The political appointments themselves, which are bribery in every way, are incomparably grave. But even more grave are the reactions of the minister and his partners-in-crime, who were caught in their iniquity. Hanegbi said in the wake of the State Comptroller's Report that he "didn't know that it wasn't acceptable." And this is the man who used to be justice minister in Israel and today is public security minister, may God have mercy.
But I want to dwell on the associates. Once, I also was the environment minister, and I know two of the associates well: the ministry's director-general until 2002, Yitzhak Goren, who was my aide and then became deputy director-general; and deputy director-general Yoram Horowitz, who filled the same position during my time in office.
I can testify that they - surprise, surprise - are reasonable people, not necessarily corrupt, apparently weak in character, people whom an aggressive minister could apparently divert from the straight and narrow.
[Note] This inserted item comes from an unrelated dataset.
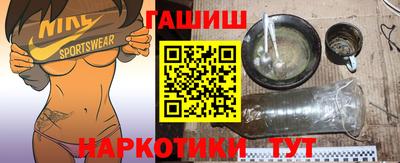 спиды Мариинск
They are, essentially, the evidence that even good people go bad in the company of a bad minister.
When we talk about the negative influence of an appointee and about the environmental damage of a person in authority, this is the example. Only rarely can a person be found who will stand up and say to his contaminated minister, "This is it; from here on, I'm no longer carrying out your orders."
A long time ago I arrived at the conclusion that most people are "men without qualities." Like the hero of Robert Musil's book "The Man Without Qualities," they don't have character of their own. They also remind me of Zelig, the hero of Woody Allen's mischievous movie, who has the unique talent of becoming contaminated by his human surroundings; if he is among doctors, he acts like a doctor, and if he is among fat people, he becomes like a fat person.
If these characterless people had not been thrown in with Tzachi Hanegbi, they would not have become corrupt. But to their disadvantage, they were there when the new minister stepped into his predecessor's shoes. Man is born neither good nor evil; the will of the heart is generally like raw material in the hands of the creator. For this reason it is so important that people with a history like Hanegbi's should never reach the status of becoming a creator, in whose hands the too-soft human raw material is placed. And that's also why it is so important that a minister, and not just his unfortunate assistants, should finally pay the price of the dangerous, spreading rot.